┌────────

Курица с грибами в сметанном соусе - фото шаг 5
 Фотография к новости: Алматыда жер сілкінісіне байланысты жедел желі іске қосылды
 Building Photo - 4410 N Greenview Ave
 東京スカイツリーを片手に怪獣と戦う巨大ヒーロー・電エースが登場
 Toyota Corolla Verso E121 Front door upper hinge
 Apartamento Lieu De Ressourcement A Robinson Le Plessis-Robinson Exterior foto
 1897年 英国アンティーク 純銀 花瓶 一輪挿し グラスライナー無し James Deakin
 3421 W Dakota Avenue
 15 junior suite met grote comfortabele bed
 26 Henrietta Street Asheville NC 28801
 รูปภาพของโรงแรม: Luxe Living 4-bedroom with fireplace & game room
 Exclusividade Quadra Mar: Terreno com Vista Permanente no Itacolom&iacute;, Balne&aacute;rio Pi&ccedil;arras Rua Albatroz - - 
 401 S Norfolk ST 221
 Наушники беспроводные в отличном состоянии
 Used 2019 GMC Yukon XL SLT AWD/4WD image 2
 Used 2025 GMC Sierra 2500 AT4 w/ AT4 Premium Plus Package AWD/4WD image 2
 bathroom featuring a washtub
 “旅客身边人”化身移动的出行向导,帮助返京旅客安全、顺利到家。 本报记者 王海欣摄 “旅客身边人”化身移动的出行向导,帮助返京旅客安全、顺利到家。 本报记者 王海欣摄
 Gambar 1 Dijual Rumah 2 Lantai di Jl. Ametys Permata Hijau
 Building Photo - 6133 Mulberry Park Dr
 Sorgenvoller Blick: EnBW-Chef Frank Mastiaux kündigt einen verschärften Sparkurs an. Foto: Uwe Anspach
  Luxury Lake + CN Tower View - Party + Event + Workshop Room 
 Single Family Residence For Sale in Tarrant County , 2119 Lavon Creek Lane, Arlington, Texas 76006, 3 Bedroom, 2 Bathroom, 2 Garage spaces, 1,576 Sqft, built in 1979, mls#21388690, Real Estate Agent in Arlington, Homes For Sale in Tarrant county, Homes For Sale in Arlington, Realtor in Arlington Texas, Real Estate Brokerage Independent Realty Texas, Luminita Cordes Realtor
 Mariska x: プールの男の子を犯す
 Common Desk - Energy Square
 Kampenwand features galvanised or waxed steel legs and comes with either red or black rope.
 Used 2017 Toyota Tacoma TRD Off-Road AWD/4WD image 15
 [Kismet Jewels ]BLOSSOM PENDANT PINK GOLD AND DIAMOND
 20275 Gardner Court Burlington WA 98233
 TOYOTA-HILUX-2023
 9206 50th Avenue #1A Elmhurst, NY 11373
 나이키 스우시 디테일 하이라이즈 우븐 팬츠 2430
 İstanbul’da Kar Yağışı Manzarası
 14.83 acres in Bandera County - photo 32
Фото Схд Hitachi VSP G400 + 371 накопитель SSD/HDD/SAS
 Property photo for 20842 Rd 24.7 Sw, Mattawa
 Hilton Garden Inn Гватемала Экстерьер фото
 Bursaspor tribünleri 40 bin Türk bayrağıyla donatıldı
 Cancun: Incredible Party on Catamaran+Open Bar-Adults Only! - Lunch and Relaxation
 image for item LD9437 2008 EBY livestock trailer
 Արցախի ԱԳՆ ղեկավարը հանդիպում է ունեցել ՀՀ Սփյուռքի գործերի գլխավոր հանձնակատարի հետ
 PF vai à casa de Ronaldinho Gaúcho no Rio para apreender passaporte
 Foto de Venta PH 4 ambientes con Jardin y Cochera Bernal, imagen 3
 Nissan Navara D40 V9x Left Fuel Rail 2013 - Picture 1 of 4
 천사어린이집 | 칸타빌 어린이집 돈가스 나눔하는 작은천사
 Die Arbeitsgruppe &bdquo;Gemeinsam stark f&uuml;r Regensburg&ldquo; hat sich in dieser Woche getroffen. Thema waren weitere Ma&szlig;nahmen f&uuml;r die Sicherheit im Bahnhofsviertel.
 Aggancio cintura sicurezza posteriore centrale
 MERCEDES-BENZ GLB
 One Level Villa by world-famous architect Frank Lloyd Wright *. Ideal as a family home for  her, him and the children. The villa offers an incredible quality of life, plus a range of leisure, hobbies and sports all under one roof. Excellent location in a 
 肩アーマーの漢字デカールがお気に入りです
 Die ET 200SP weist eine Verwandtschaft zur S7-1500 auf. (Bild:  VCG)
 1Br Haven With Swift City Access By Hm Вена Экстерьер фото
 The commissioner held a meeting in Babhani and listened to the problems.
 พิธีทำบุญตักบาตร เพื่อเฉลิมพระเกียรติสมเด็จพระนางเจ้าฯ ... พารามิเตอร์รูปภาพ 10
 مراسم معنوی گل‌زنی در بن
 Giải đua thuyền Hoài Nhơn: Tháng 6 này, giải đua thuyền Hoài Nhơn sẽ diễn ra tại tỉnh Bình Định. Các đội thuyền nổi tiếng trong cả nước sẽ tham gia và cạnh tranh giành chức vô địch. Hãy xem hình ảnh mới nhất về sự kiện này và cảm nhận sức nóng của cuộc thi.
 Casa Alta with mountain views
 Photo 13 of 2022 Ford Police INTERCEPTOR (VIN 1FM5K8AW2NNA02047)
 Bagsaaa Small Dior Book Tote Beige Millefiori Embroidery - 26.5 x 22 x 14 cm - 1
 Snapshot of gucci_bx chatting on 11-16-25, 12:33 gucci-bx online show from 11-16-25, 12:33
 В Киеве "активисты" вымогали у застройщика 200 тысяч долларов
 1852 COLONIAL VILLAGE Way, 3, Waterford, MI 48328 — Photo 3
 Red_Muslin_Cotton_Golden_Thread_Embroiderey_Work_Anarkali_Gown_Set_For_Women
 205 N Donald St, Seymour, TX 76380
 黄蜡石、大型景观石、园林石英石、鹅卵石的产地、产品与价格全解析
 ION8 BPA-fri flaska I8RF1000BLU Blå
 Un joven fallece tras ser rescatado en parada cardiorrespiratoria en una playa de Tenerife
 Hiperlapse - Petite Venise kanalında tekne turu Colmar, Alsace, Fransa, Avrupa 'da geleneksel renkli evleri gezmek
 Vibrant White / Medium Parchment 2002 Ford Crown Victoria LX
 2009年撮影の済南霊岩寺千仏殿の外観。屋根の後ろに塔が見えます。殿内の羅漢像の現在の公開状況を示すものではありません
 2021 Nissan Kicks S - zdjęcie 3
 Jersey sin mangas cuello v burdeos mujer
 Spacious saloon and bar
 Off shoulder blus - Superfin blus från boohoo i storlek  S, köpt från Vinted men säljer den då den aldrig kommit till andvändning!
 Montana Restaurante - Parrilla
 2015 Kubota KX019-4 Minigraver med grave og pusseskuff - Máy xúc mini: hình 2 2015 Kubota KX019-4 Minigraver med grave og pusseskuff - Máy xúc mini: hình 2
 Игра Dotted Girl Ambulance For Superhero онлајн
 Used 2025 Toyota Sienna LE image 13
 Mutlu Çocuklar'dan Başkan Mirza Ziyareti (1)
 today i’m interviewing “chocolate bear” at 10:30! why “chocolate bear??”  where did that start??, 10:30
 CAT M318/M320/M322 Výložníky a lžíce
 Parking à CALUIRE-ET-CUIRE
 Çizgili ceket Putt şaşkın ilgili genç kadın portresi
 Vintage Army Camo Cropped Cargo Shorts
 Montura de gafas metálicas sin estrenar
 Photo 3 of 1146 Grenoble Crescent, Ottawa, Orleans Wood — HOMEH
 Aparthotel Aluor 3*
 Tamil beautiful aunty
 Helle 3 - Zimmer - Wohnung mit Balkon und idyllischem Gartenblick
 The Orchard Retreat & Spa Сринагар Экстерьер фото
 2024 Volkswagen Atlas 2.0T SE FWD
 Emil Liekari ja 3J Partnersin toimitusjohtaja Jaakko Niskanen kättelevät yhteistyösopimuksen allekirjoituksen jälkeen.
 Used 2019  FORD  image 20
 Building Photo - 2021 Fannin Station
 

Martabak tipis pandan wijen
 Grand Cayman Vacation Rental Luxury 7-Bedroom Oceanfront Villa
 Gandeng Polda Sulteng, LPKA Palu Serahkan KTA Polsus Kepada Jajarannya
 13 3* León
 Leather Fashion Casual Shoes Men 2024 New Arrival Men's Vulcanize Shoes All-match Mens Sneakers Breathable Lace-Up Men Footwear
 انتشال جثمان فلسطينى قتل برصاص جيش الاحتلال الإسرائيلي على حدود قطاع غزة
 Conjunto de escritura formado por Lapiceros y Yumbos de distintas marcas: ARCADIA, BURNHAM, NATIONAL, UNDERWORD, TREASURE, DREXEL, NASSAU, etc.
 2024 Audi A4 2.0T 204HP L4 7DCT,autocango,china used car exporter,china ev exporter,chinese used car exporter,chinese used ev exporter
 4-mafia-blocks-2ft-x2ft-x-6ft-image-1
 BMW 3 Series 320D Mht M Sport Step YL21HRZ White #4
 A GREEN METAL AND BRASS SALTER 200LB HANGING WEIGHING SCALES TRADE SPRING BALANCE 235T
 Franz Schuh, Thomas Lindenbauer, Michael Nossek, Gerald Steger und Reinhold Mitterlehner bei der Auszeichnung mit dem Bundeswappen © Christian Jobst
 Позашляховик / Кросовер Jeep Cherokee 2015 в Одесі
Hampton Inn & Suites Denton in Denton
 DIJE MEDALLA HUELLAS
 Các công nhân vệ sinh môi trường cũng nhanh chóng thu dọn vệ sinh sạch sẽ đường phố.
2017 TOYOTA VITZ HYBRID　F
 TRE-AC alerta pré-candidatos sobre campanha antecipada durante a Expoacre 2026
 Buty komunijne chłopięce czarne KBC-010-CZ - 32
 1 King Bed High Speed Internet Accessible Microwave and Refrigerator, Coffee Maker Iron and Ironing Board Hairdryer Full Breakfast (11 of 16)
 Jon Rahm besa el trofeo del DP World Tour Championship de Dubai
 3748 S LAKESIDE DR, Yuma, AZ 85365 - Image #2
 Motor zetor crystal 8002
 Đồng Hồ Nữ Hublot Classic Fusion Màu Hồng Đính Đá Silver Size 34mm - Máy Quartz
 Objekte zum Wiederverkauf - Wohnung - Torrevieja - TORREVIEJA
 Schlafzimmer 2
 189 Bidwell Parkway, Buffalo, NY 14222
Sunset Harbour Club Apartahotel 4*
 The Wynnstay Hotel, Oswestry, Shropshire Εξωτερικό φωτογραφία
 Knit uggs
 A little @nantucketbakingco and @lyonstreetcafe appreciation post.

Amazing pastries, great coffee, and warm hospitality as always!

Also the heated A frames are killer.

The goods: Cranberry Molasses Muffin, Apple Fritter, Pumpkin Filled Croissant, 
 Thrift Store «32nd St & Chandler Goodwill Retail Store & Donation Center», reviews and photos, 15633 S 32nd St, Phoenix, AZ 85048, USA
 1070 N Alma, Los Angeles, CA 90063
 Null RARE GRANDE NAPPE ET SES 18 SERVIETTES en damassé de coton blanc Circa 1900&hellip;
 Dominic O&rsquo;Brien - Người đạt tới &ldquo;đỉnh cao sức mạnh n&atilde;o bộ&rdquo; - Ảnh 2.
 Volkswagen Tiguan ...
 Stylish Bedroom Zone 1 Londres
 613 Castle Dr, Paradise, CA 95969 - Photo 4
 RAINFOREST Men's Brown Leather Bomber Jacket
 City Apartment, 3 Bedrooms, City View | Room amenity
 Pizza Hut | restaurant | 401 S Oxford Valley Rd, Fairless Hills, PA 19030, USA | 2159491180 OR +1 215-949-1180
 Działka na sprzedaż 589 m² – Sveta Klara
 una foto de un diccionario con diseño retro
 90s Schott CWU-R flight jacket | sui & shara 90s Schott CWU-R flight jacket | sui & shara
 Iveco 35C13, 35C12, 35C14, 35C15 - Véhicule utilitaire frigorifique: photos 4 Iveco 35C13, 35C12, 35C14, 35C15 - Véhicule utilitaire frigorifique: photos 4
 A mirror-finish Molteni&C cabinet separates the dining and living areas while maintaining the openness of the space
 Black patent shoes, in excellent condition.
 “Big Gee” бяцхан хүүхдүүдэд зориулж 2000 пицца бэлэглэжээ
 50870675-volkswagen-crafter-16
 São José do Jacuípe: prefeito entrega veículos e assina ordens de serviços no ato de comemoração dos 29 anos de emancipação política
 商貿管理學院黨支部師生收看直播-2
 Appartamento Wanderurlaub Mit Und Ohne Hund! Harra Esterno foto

└────────

From the data above, output only the lines between the line containing "14.83 acres in Bandera County - photo 32" and the line containing "MERCEDES-BENZ GLB", inclusive, exactly as written.

 14.83 acres in Bandera County - photo 32
Фото Схд Hitachi VSP G400 + 371 накопитель SSD/HDD/SAS
 Property photo for 20842 Rd 24.7 Sw, Mattawa
 Hilton Garden Inn Гватемала Экстерьер фото
 Bursaspor tribünleri 40 bin Türk bayrağıyla donatıldı
 Cancun: Incredible Party on Catamaran+Open Bar-Adults Only! - Lunch and Relaxation
 image for item LD9437 2008 EBY livestock trailer
 Արցախի ԱԳՆ ղեկավարը հանդիպում է ունեցել ՀՀ Սփյուռքի գործերի գլխավոր հանձնակատարի հետ
 PF vai à casa de Ronaldinho Gaúcho no Rio para apreender passaporte
 Foto de Venta PH 4 ambientes con Jardin y Cochera Bernal, imagen 3
 Nissan Navara D40 V9x Left Fuel Rail 2013 - Picture 1 of 4
 천사어린이집 | 칸타빌 어린이집 돈가스 나눔하는 작은천사
 Die Arbeitsgruppe &bdquo;Gemeinsam stark f&uuml;r Regensburg&ldquo; hat sich in dieser Woche getroffen. Thema waren weitere Ma&szlig;nahmen f&uuml;r die Sicherheit im Bahnhofsviertel.
 Aggancio cintura sicurezza posteriore centrale
 MERCEDES-BENZ GLB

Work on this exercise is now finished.